» **EXTRACTED RECORDS**:
▼
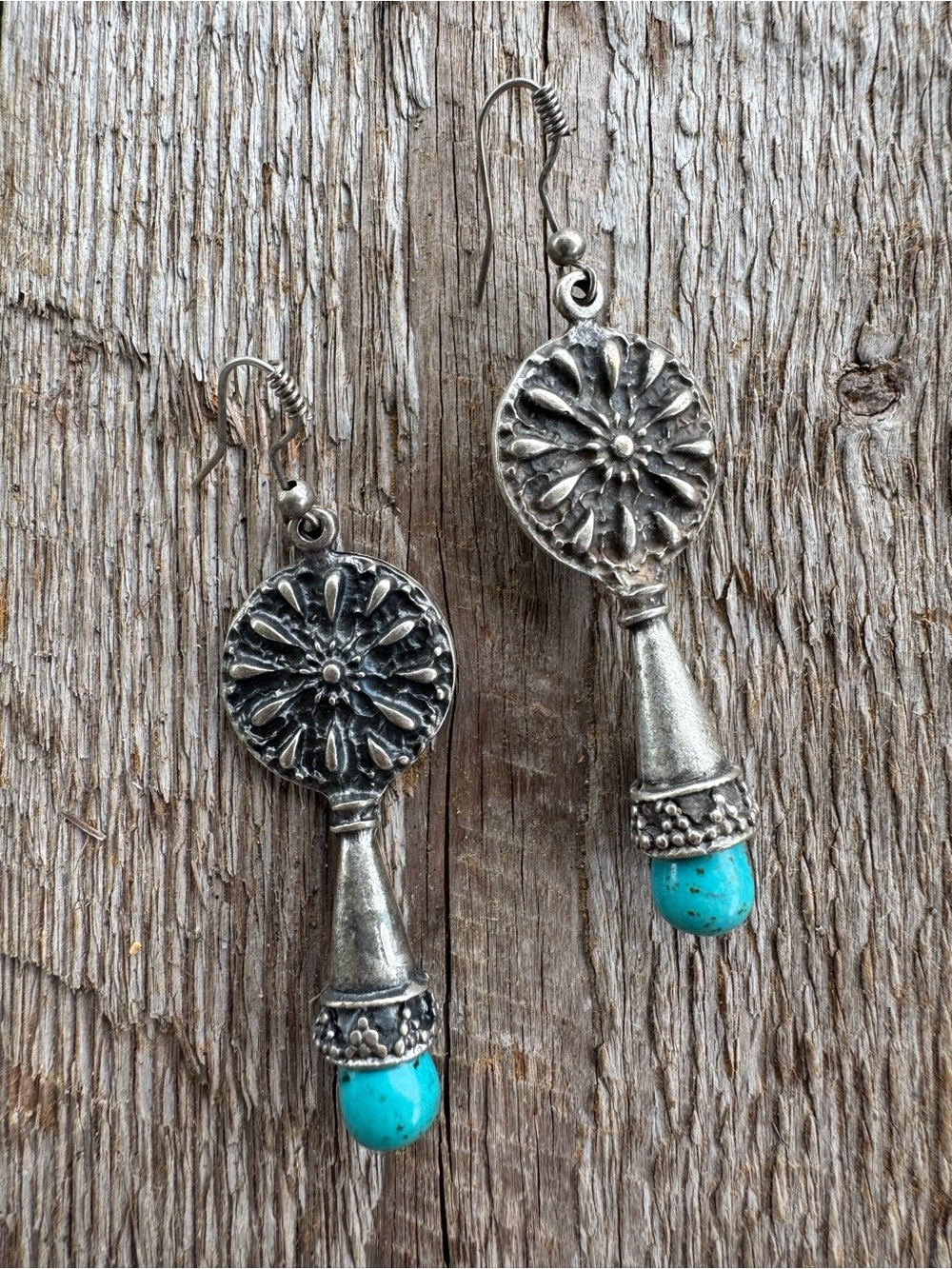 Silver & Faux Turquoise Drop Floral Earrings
▲
▼
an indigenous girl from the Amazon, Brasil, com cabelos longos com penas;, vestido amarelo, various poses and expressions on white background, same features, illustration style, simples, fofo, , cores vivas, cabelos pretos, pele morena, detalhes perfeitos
▲
▼
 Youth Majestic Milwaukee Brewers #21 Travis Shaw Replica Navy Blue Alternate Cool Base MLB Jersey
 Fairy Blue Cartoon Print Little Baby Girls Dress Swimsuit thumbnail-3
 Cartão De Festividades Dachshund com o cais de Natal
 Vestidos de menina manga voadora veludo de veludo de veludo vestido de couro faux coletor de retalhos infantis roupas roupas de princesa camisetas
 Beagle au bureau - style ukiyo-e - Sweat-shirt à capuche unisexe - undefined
▲
» **WORK ITEM**:
Find the word "style" in the entries and show each line where it is found.

» **THE ANSWER**:
an indigenous girl from the Amazon, Brasil, com cabelos longos com penas;, vestido amarelo, various poses and expressions on white background, same features, illustration style, simples, fofo, , cores vivas, cabelos pretos, pele morena, detalhes perfeitos
 Beagle au bureau - style ukiyo-e - Sweat-shirt à capuche unisexe - undefined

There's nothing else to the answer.